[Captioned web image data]
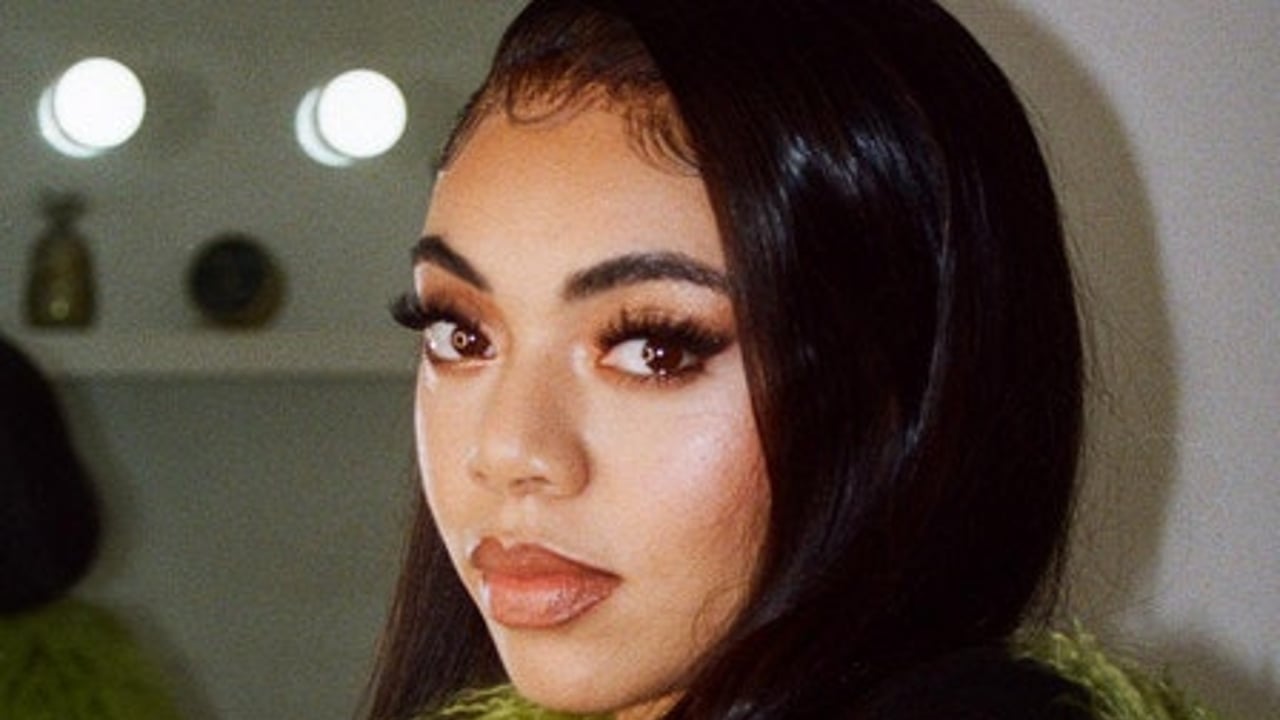 Jaz Karis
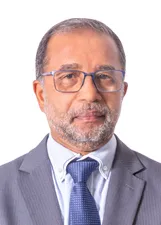 INIVALDO DOS SANTOS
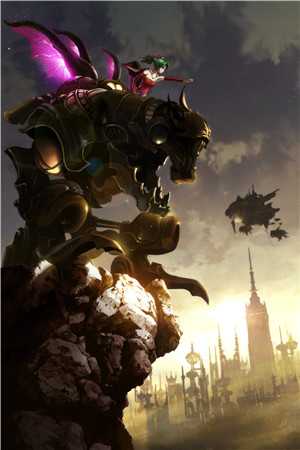 梦断不成归阮念初骆淮景全文在线阅读免费完本小说在线阅读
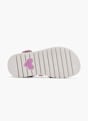 Cupcake Couture Sandales Violet 11842 4
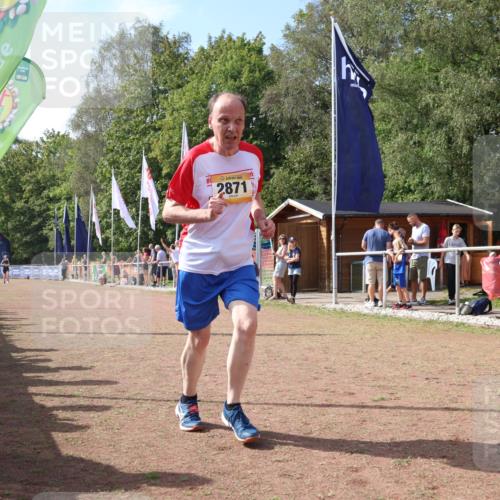 08.09.2024 - Airport Race Strokosch-Dieckow http://msf.ph/oto/7021021 08.09.2024 12:09:36 Ziel 502, 2709, 2718, 2871 meine-sportfotos.de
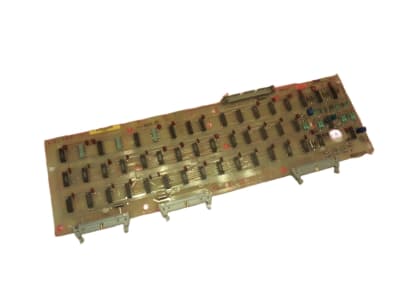 INVENSYS B133UH-C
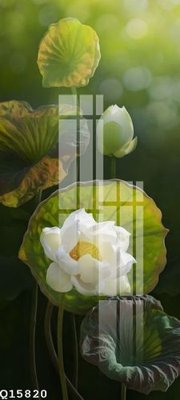 File gốc File gốc in tranh tổng hợp Q15820 (dành cho quảng cáo)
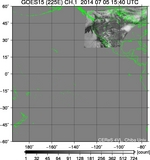 GOES15-225E-201407051540UTC-ch1.jpg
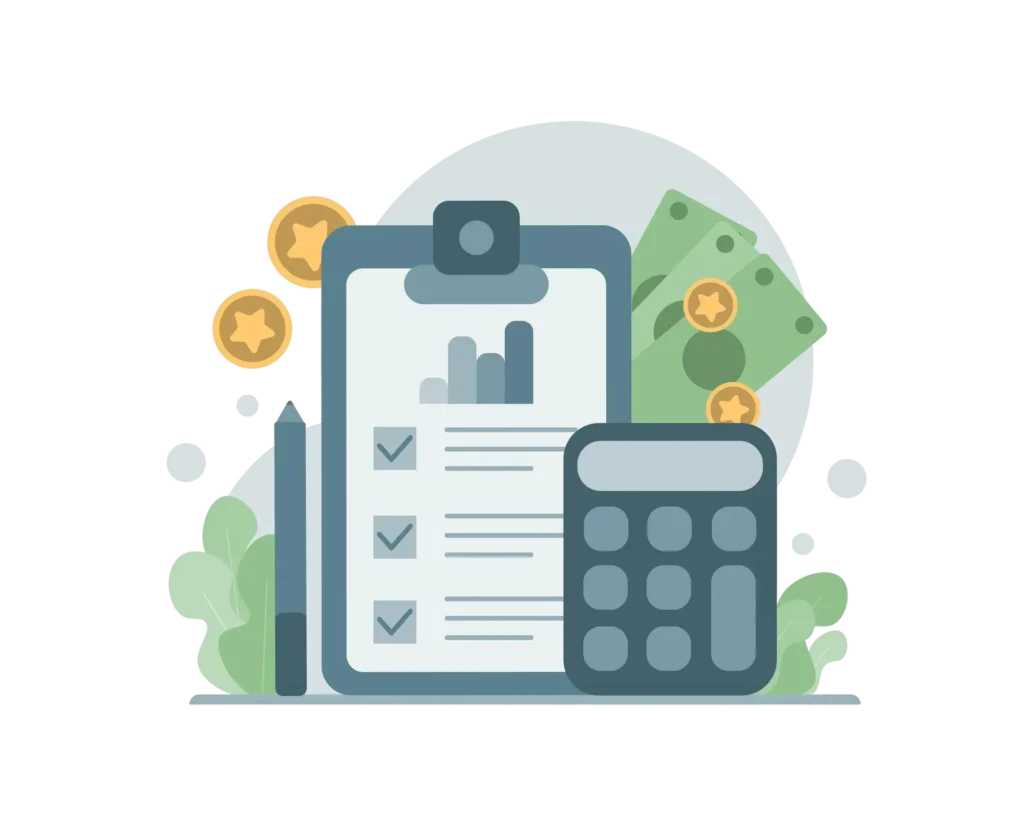 Expense Tracker Software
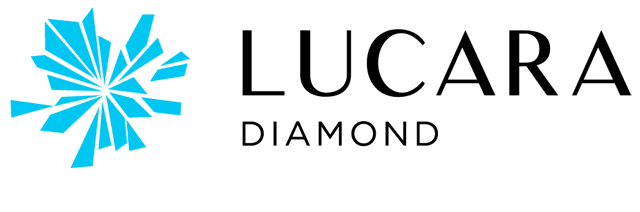Aadiamond Funds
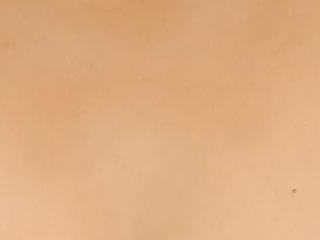 LenaBloomy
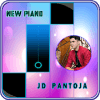 JD Pantoja Piano Tap Tiles快速下载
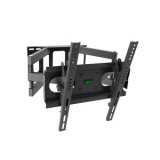 ART RAMT AR-51 TV mount #8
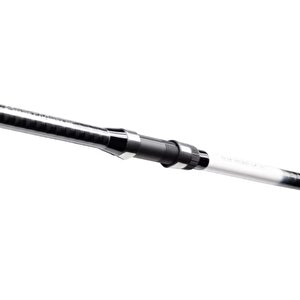 Yekoutdoor Surf Seti Shimano Kamış Beastmaster K Surf Hybrid 4,50m 225g 3pc K-type Dps & Shimano Twin Power 8000 Sw C Pg Jig Olta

▶ _Exercise directions_
Give again, word for word, the lines above from the first one through the one containing "GOES15-225E-201407051540UTC-ch1.jpg"; no pictures.

▶ _Response to this task_
 Jaz Karis
 INIVALDO DOS SANTOS
 梦断不成归阮念初骆淮景全文在线阅读免费完本小说在线阅读
 Cupcake Couture Sandales Violet 11842 4
 08.09.2024 - Airport Race Strokosch-Dieckow http://msf.ph/oto/7021021 08.09.2024 12:09:36 Ziel 502, 2709, 2718, 2871 meine-sportfotos.de
 INVENSYS B133UH-C
 File gốc File gốc in tranh tổng hợp Q15820 (dành cho quảng cáo)
 GOES15-225E-201407051540UTC-ch1.jpg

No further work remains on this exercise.